Dampak yang diperoleh bangsa Indonesia akibat adanya agresi militer I oleh pihak Belanda yaitu sempat dikuasainya beberapa daerah-daerah perkebunan yang cukup luas, di Sumatera Timur, Palembang, Jawa Barat dan Jawa Timur. Meski PBB telah turut membantu mengatasi agresi militer yang dilakukan Belanda terhadap Indonesia dengan diadakan penghentian tembak menembak, tidak berarti bahwa tindakan militer Belanda langsung terhenti. Mereka terus-menerus mengadakan gerakan pembersihan untuk mengamankan dareah-dareah yang telah didudukinya. Dalam gerakan pembersihan ini sering pula terjadi tindakan kejam oleh pasukan Belanda, terutama di dareah-daerah yang sudah mereka duduki namun tidak dapat dikuasai, umpamanya dareah sekitar Krawang-Bekasi
Di sekitar Bekasi beroperasi pasukan kita yang dipimpin oleh Lukas Kustrayo. Setelah pembentukan BKR ia langsung bergabung, dan pasukan yang dibentuknya beroperasi di sekitar Bekasi. Setelah Belanda meyerang pada bulan Juli 1947 Lukas tetap beroperasi di sana dan tetap menganggu kehadiran Belanda di daerah itu, juga setelah diadakan pengehentian tembak-menembak. Kegiatan Lukas sangat menjengkelkan Belanda, sehingga Lukas diberi julukan ”Tijger van West Java” (Harimau Jawa Barat). Belanda terus-menerus berusaha mengejar Lukas dan pasukannya, tetapi selalu tidak berhasil. Setelah mereka mengetahui bahwa Lukas bermarkas di desa Rawagede, mereka menyerbu desa itu pada tanggal 9 Desember 1947, dan lagi-lagi Lukas dan pasukannya lolos. dalam kemarahan dan frustasi karena usaha mereka tidak berhasil, pasukan Belanda menembaki rakyat desa Rawagede secara membabi buta dan membunuh 491 orang dewasa dan anak-anak. Kekejaman Belanda ini tidak pernah kita ungkapkan ke dunia luar, karena pada waktu itu memang kita tidak mempunyai aparat untuk melakukanya.

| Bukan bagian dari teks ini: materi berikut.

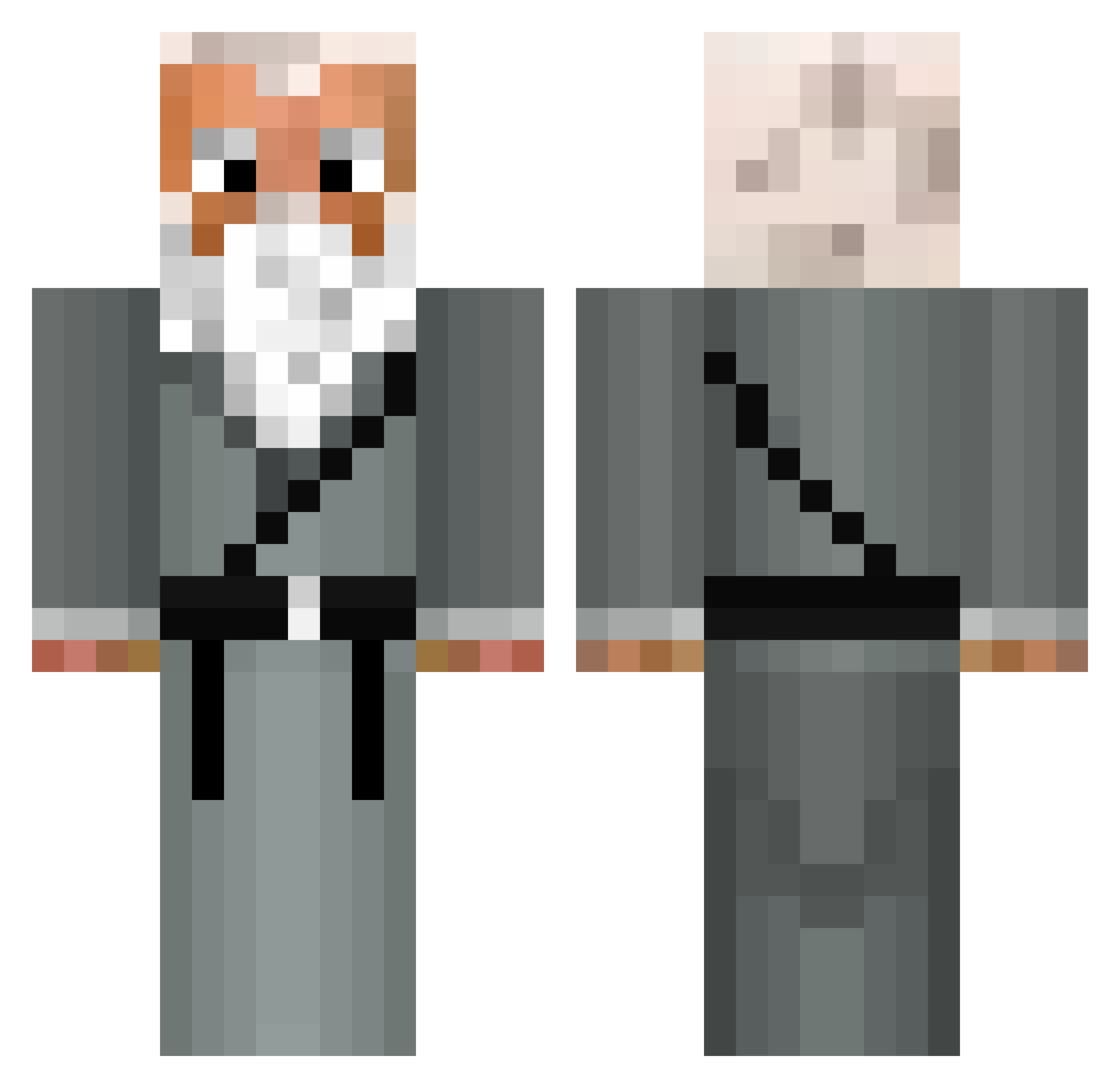 Innenos Minecraft skin, front and back view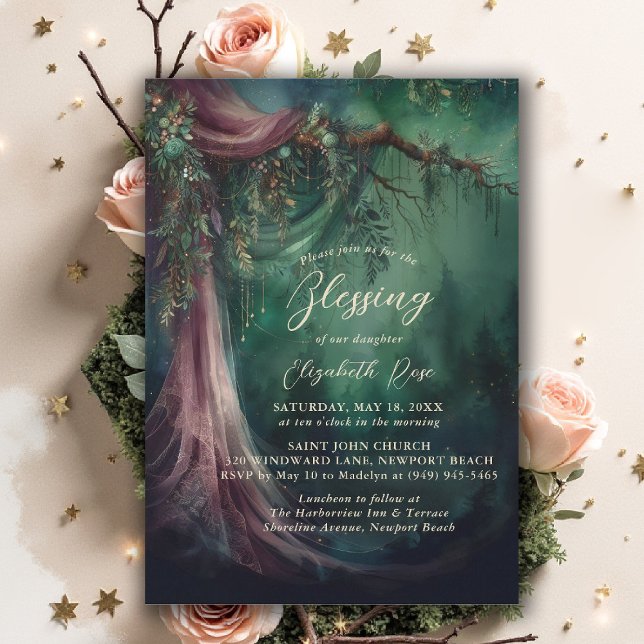 Invitación Baptism Blessing Enchanted Garden Fairytale Draped (baptism invitation christening enchanted forest garden botanical greenery emerald gold floral draped)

Kekejaman Belanda lain yang dapat disebut adalah pembantaian rakyat Sulawesi Selatan pada bulan Januari 1948 oleh pasukan Kapten Wasterling, yang juga tidak pernah dihukum. Juga peristiwa kapten api maut di Jawa Timur, ketika prajurit-prajurit Republik Indonesia yang tertawan oleh Belanda diamsukkan dalam gerbong kereta api yang kemudian ditutup rapat tanpa ventilasi, sehingga semua tawanan mati lemas karena kepanasan dan kehabisan udara.